Educated at Balerno High School and a graduate of physics at Heriot-Watt University, there were early signs of Keith’s entrepreneurial spirit when he programmed games for computers and sold them to friends at school!
The technology entrepreneur, who at school aspired to be an architect, is passionate about helping to make a difference in work and life. When time permits he loves to relax in the Scottish highlands.
Andrew Ford is the managing director of the specialist tax advisory firm, Barr & Ford Limited.
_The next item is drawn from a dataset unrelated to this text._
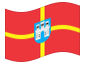 Animowana flaga Schytomyr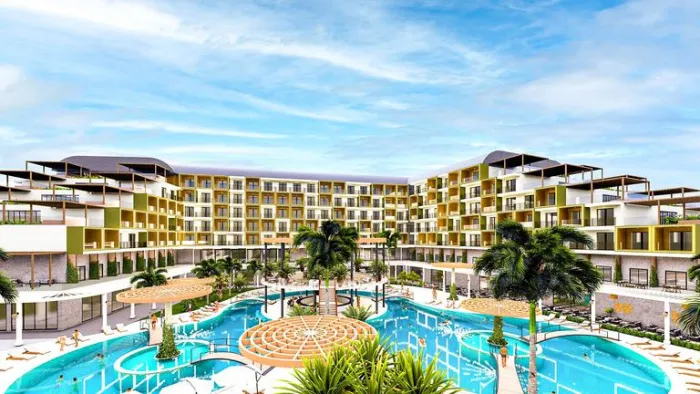 DREAM FUN WORLD HOTEL  5* - Side - Turcia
Vice chairman of the Glasgow branch of the Chartered Institute of Taxation, Andrew has specialised in tax for over 20 years, working in both big 4 and mid tier accountancy practices, and as Head of Tax for a legal firm.
His areas of expertise include all areas of the taxation of wealthy individuals, including resident but non-domiciled individuals, and also transactions and employee incentive planning.
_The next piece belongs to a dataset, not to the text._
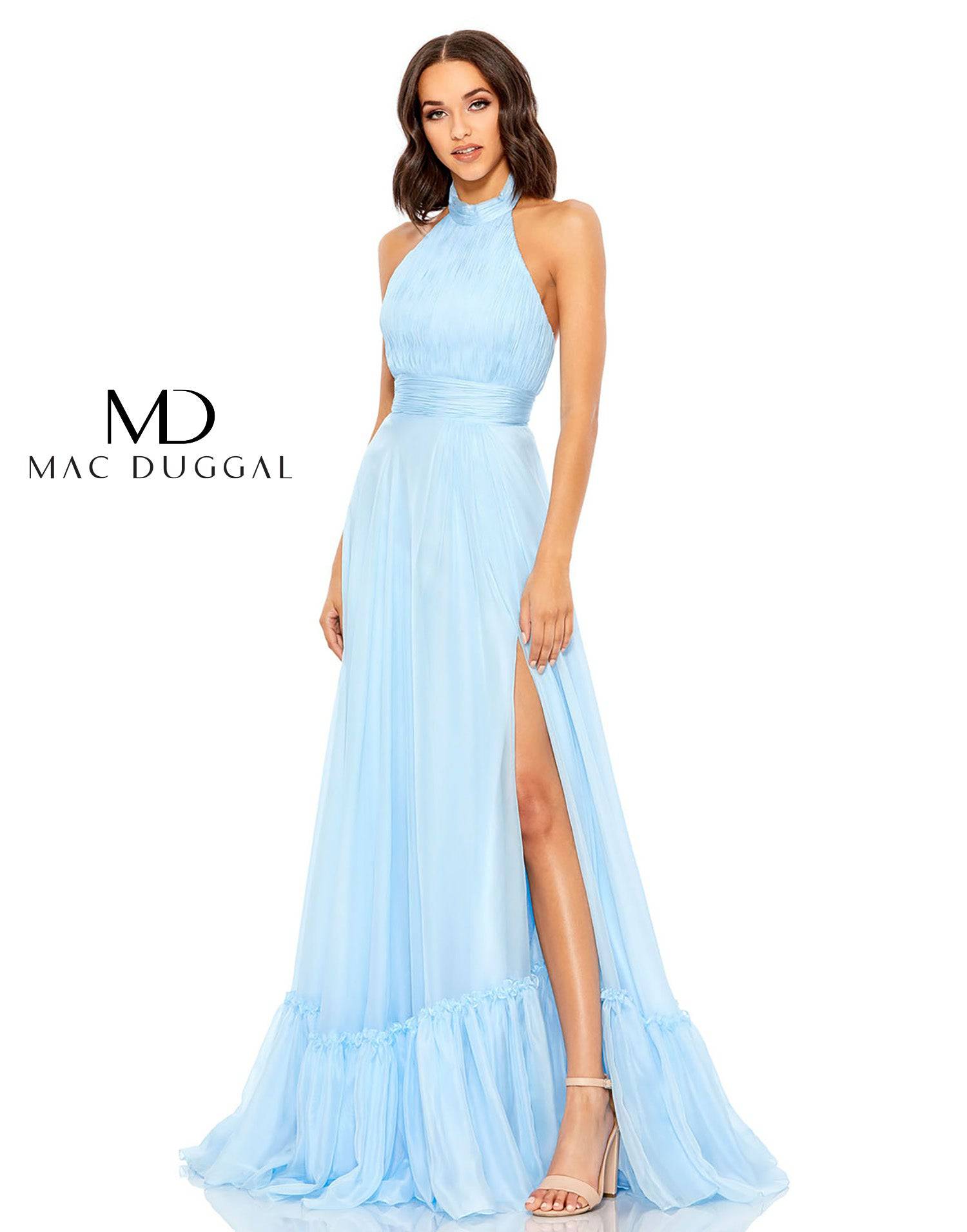 Mac Duggal 67816 - B Chic Fashions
A graduate of the College of Law, York and the University of London, Andrew is a former climber and has been a valued trustee of The Polar Academy since January 2014.
Mike is the founder and director of Cornhill Building Services. Established in 1994 and with a multi-disciplinary workforce of over 90 employees, the Edinburgh based business has steadily grown to establish itself as a leading Scottish building contractor. With a client base that includes University of Edinburgh, The Edinburgh Academy, Seaforth Properties, East Lothian Council, West Lothian Council and Dunedin Canmore Housing Association, Mike overseas a business with a turnover in excess of £10m.
CBC was one of the first organisations to support Craig Mathieson’s vision for The Polar Academy. In 2015, Cornhill Building Services completed work on the stylish Polar Academy ‘HQ’ in Bo’ness.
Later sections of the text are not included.